Caption-style text data
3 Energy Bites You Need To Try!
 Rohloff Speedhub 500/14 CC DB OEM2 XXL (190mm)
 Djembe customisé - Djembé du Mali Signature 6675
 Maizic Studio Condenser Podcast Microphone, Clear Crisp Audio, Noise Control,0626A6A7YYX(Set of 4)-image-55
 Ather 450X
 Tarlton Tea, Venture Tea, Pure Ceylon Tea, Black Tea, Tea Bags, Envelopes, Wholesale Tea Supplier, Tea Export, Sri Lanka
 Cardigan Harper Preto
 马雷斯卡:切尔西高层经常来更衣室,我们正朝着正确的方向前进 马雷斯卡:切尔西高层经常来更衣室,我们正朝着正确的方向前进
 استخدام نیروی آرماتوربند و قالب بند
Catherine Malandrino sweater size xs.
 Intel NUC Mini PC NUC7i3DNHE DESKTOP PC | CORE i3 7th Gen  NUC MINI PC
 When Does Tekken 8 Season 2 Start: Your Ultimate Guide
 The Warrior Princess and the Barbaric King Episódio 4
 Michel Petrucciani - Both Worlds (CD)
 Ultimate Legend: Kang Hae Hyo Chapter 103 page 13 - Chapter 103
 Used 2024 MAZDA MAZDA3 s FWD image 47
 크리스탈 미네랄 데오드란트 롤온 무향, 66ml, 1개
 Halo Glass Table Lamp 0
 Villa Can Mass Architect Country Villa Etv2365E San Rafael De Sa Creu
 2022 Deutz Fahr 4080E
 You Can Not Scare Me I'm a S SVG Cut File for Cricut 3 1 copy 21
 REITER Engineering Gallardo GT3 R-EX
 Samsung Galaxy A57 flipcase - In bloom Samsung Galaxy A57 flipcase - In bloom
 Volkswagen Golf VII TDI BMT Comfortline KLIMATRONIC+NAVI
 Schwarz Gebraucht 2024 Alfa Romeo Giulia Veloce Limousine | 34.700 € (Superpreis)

### TASK OBJECTIVE
Your answer must be the records themselves, output again exactly.

### YOUR SOLUTION
3 Energy Bites You Need To Try!
 Rohloff Speedhub 500/14 CC DB OEM2 XXL (190mm)
 Djembe customisé - Djembé du Mali Signature 6675
 Maizic Studio Condenser Podcast Microphone, Clear Crisp Audio, Noise Control,0626A6A7YYX(Set of 4)-image-55
 Ather 450X
 Tarlton Tea, Venture Tea, Pure Ceylon Tea, Black Tea, Tea Bags, Envelopes, Wholesale Tea Supplier, Tea Export, Sri Lanka
 Cardigan Harper Preto
 马雷斯卡:切尔西高层经常来更衣室,我们正朝着正确的方向前进 马雷斯卡:切尔西高层经常来更衣室,我们正朝着正确的方向前进
 استخدام نیروی آرماتوربند و قالب بند
Catherine Malandrino sweater size xs.
 Intel NUC Mini PC NUC7i3DNHE DESKTOP PC | CORE i3 7th Gen  NUC MINI PC
 When Does Tekken 8 Season 2 Start: Your Ultimate Guide
 The Warrior Princess and the Barbaric King Episódio 4
 Michel Petrucciani - Both Worlds (CD)
 Ultimate Legend: Kang Hae Hyo Chapter 103 page 13 - Chapter 103
 Used 2024 MAZDA MAZDA3 s FWD image 47
 크리스탈 미네랄 데오드란트 롤온 무향, 66ml, 1개
 Halo Glass Table Lamp 0
 Villa Can Mass Architect Country Villa Etv2365E San Rafael De Sa Creu
 2022 Deutz Fahr 4080E
 You Can Not Scare Me I'm a S SVG Cut File for Cricut 3 1 copy 21
 REITER Engineering Gallardo GT3 R-EX
 Samsung Galaxy A57 flipcase - In bloom Samsung Galaxy A57 flipcase - In bloom
 Volkswagen Golf VII TDI BMT Comfortline KLIMATRONIC+NAVI
 Schwarz Gebraucht 2024 Alfa Romeo Giulia Veloce Limousine | 34.700 € (Superpreis)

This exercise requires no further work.